Pero, tras despertar, esa sensación desapareció, los muebles a su alrededor estaban quietos y en perfecto orden. Era tan extraño y bueno a la vez.
—¡Sra. Wright! —Aquella voz finalmente resonó con claridad y Diana se vio obligada a buscar a su dueña. Se trataba de una mujer de avanzada edad, quien de inmediato la sostuvo del brazo y la guio de regreso a la cama—. No debería levantarse tan de repente, podría caerse.
Diana la observó con ojos bien abiertos, sin parpadear.
—¿Cómo me llamaste?
—Sra. Wright, sé que dejar su apellido de soltera será difícil, pero pronto se acostumbrará.
Diana apartó la mirada de ella y examinó rápidamente la habitación, ¿tal vez su subconsciente creó ese escenario antes de morir? O, quizá, no estaba muerta. Solo en coma y eso era lo que sucedía cuando una persona entraba en ese estado. No se sorprendería de que su cerebro creara tal situación para tranquilizarla.
—Necesito dormir —determinó. Con algo de suerte, la próxima vez que abriera los ojos realmente estaría en el más allá, y si la vida decidía seguir torturandola, despertaría en el hospital.
—Por supuesto, permítame ayudarla.
Diana estaba acostumbrada a que no respetaran su espacio personal, el trato de las enfermeras y doctores era muy invasivo así que no tuvo problema con que la anciana le ayudara a quitarse el vestido y tampoco cuando esta soltó y cepilló su cabello.
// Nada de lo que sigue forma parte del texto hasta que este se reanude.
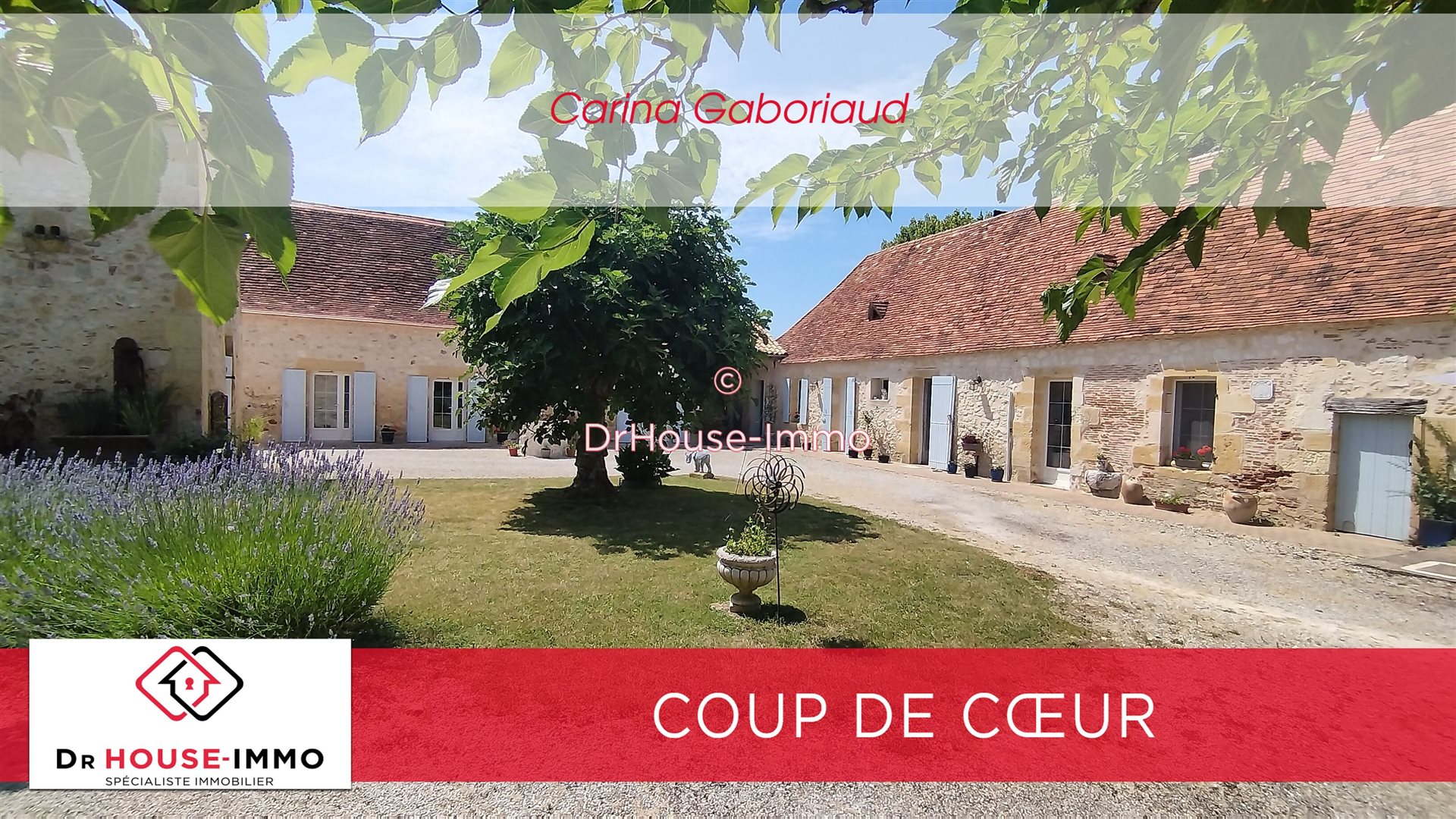 Maison à vendre, 170m², Cours-de-Pile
Lo único que le causó conmoción fue ver su reflejo en el espejo, su piel no lucía grisácea ni con enormes bolsas oscuras bajo los ojos, sus labios tampoco estaban agrietados sino rosas y humectados, y qué decir de su cabello. Por comodidad, solía cortarlo hasta el mentón, pero ahora lucía una melena brillante y ondulada hasta la cintura.
Eso definitivamente era un sueño.
La mujer la ayudó a subir a la cama —a pesar de que Diana no sentía que fuera necesario— y salió de la habitación tras preguntarle si necesitaba algo más y hacer una reverencia.